Im zweiten Akt überrascht die Netrebko mit ein paar unüblichen Nuancen wie einem geflüsterten "Assassino!" und der erst leise gestellten Frage nach dem "Prezzo", dem Preis für die Freilassung Cavaradossis. "Vissi d'arte" ist kein Wendepunkt oder gar ein Akt existenzieller Verzweiflung, sondern vor allem eine berühmte Arie. Denn die frühere Kunst der Sängerin, eine Figur und ihre Situation vor allem durch die Färbung der Stimme zu charakterisieren, ist der Liebe zu eher pauschalen Wirkungen und der undramatischen Vorführung schöner Kantilenen gewichen.

Anna Netrebko mit Yusif Eyvazov in Puccinis "Tosca" im Großen Festspielhaus
Anna Netrebko mit Yusif Eyvazov in Puccinis "Tosca" im Großen Festspielhaus © SF/Marco Borrelli

Marco Armiliato zelebriert den Klang der extrem wohllautenden, bisweilen auch bis zur Brutalität aufgeheizten Wiener Philharmoniker. Und weil er im Zweifel den Sängern nachgibt, wird die Aufführung vor allem im zweiten Akt immer langsamer. Sängerstars mag ein solcher Dirigent behagen, mit Theater hat sein Stil wenig zu tun: Es ist die auf eine Opernvorstellung übertragene Ästhetik eines Arienabends.

Angesichts der peniblen Genauigkeit, mit der nebenan in der Felsenreitschule jeder Wunsch Nonos berücksichtigt wird, kommt bei der unhörbaren Orgel und einer tiefen Glocke aus der elektronischen Steinzeit, die offenbar von Karajans "Parsifal" übriggeblieben ist, Verwunderung bis Ärger auf. Außerdem setzt der Dirigent an Stellen, wo üblicherweise in die Musik hineingeklatscht wird, vorbeugend von Puccini nicht vorgesehene Zäsuren. Peinlicherweise war dem Publikum aber nach Eyvazovs "Recondita armonia" gar nicht zum Klatschen zumute.

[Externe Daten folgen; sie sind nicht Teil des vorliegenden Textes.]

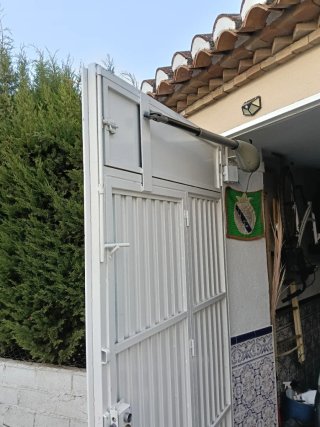 Puerta de garaje con motor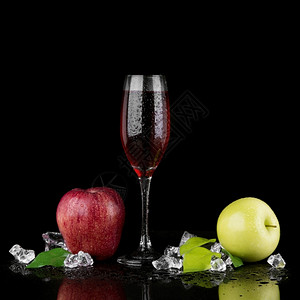 丰富多彩的一种绿色苹果和红黑色背景的香槟酒杯图片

Yusif Eyvazov: Nicht mehr so hölzern wie zuletzt

Was auch wieder unfair ist. Mr. Netrebko singt mit einer farbenarmen, metallischen Stimme zwar im Zweifel laut und krähend. Hier ist er aber halbwegs rollendeckend besetzt ist, weil die Partitur seinem Willen zum Kraftgesang entgegenkommt. Unter normalen Umständen wäre Eyvazov eine Stütze italienischer Repertoirevorstellungen an größeren Häusern, aber niemals der Cavaradossi der Salzburger Festspiele. Wenigstens wirkt er als Darsteller nicht mehr so hölzern wie zuletzt.

Yusif Eyvazov im dritten Akt von "Tosca".
Yusif Eyvazov im dritten Akt von "Tosca". © SF/Matthias Horn

Gezeigt wird die Wiederaufnahme einer Inszenierung des "Jedermann"-Regisseurs Michael Sturminger, die 2018 bei den Osterfestspielen unter Christian Thielemann mit Anja Harteros herauskam. Sie versetzt die Geschichte aus den napoleonischen Kriegen in ein klerikalfaschistisch regiertes Italien, in dem eher unsympathische Untergrundkämpfer herumballern.

Das hat man so ähnlich auch in Augsburg und anderswo gesehen. Aber es funktioniert mit einigen Abstrichen als Thriller. Manches aber bleibt völliger Unsinn. Und dabei reden wir gar nicht vom überlebenden Scarpia, der Knabenkillerschule oder der Kirche mit eingebauter Tiefgarage, sondern nur von einer Morgendämmerung im Westen hinter dem Petersdom.

Die geplanten Übertragungen wurden vom Sender und den Festspielen abgesagt.